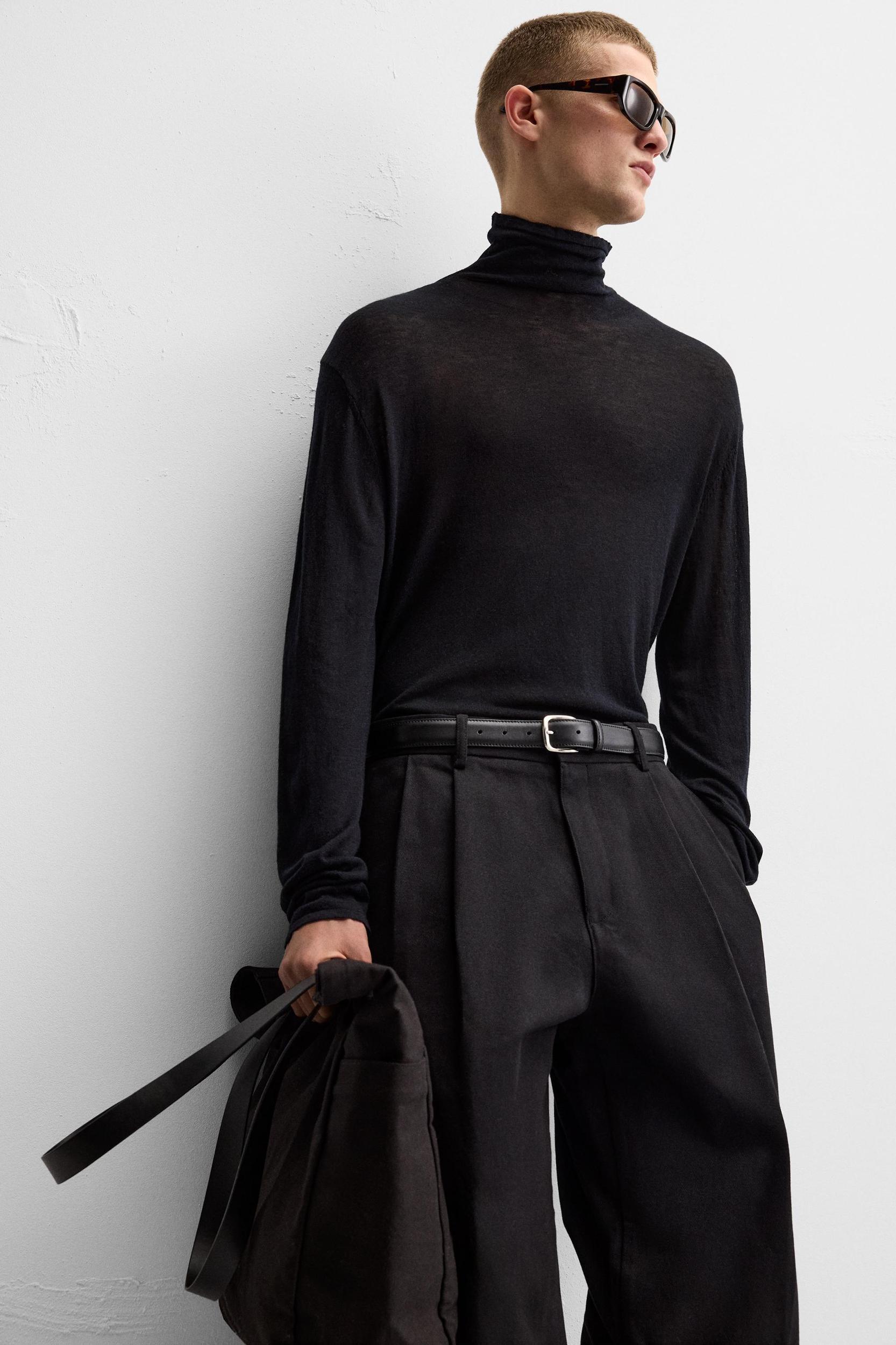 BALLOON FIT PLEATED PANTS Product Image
· · ·
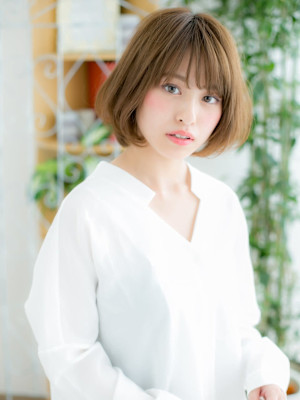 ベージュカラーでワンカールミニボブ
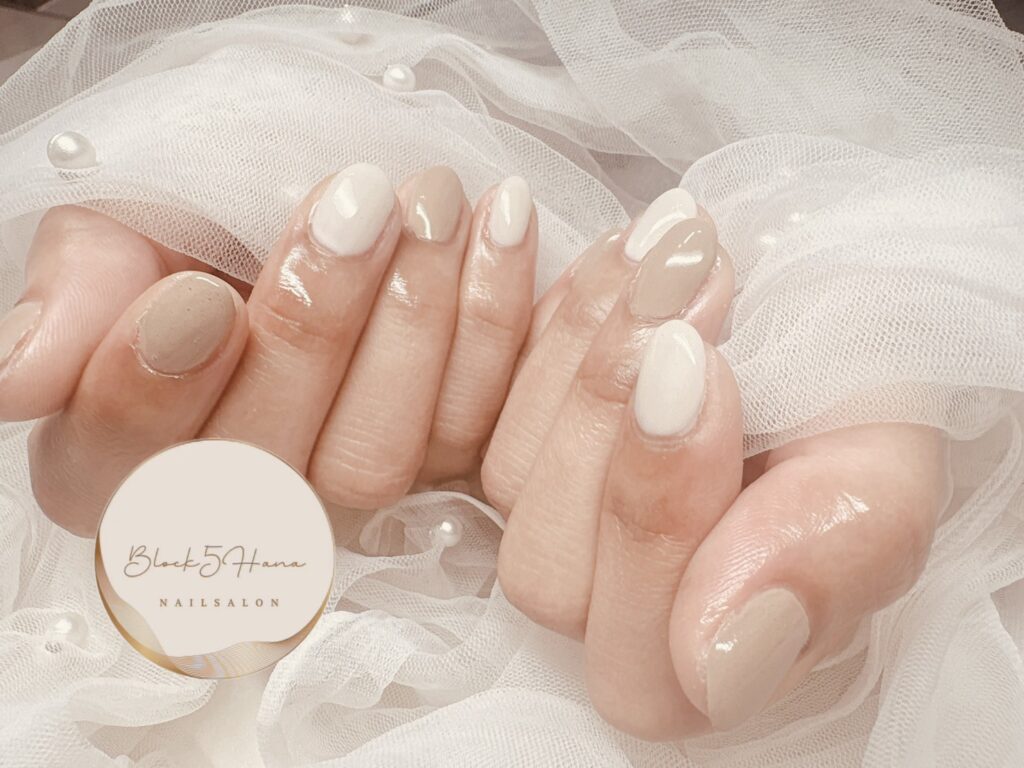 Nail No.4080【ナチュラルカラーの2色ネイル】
· · ·
- **Task directions**
Print everything from the line with "ベージュカラーでワンカールミニボブ" down to the line with "Nail No.4080【ナチュラルカラーの2色ネイル】" in the entries above, both lines included and nothing more, without the pictures.

- **Answer section**
 ベージュカラーでワンカールミニボブ
 Nail No.4080【ナチュラルカラーの2色ネイル】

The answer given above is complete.